İzmir kenti son otuz yıl içerisinde, önce 1983 yılında Turgut Özal ile başlayan dönüşüm sürecini, ardından da 2002 sonrasında Adalet ve Kalkınma Partisi’nin küresel dünya ile entegrasyon süreci içerisinde uyguladığı ekonomik politikaları ıskaladı. Yaşanan dönüşümleri fark edemedi ve geleceğe yönelik atılımlarda ağır kaldı ve ne yazık ki, her iki dönemde de kent hem ekonomik alanda, hem de sosyal ve kültürel alanlarda kendisinin çok gerisinde olan kentlerin gerisine düştü. Spor/futbol kulüpleri de bu ıskalamadan nasibini fazlasıyla aldılar. Takımlarımızın küme düşme ve gerileme dönemlerinin bu sözünü ettiğim iki dönemle yakından ilişkili olduğunu yapacağınız bir arşiv taraması ile rahatlıkla görebilirsiniz.
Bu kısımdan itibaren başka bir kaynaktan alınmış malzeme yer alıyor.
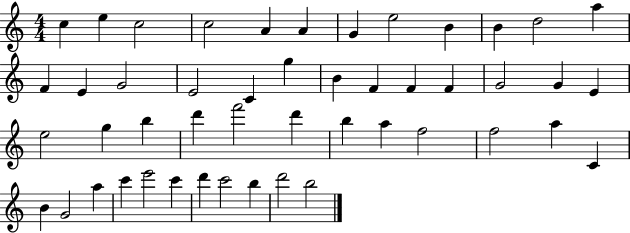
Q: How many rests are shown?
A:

İzmir kentinin her alanda ‘kötü yönetilmesi’ kentin ekonomiden, kültüre, spora kadar hemen hemen her kulvarda gerilemesine ve kan kaybetmesine neden oldu. Yaşananlar sonrası kentin geleceğinde etkili olabilecek parlak beyinler, daha iyi bir hayat ve iş imkânları nedeniyle İstanbul ve Ankara’nın yolunu tuttular. Belki de hepsinden önemlisi insanların kafasında İzmir kentinin geleceğine dair kaygıların bulunması asıl sorununun belkemiğini teşkil etmektedir. Böyle olduğu müddetçe insanların kente dair beklentileri ve kente dair umutları da azalmaktadır. Kentin her yıl küme düşen takımlara sahip olması ve futbol alanında temsil edilememesi de bütün bunların sportif boyutundaki uzantısından başka bir durum değildir.
Bu kenti yeniden ayağa kaldırabilmenin yolu umudun yanı sıra ekonomiden, kültüre ve insan kaynağının zenginleşmesine yapılacak katkı kadar futboluna ve futbol takımlarına yönelik de olmak zorundadır. Her yıl küme düşen İzmir’in, diğer platformlarda başa güreşebilmesi mümkün değildir. Aksi takdirde ‘köylüler çabaya, ya da tavukçular, köfteciler’ diye eleştirdiklerinin gerçekleştirdikleri başarılar karşısında biz neden başaramıyoruz demeye devam etmeye mahkûm kalacaklardır.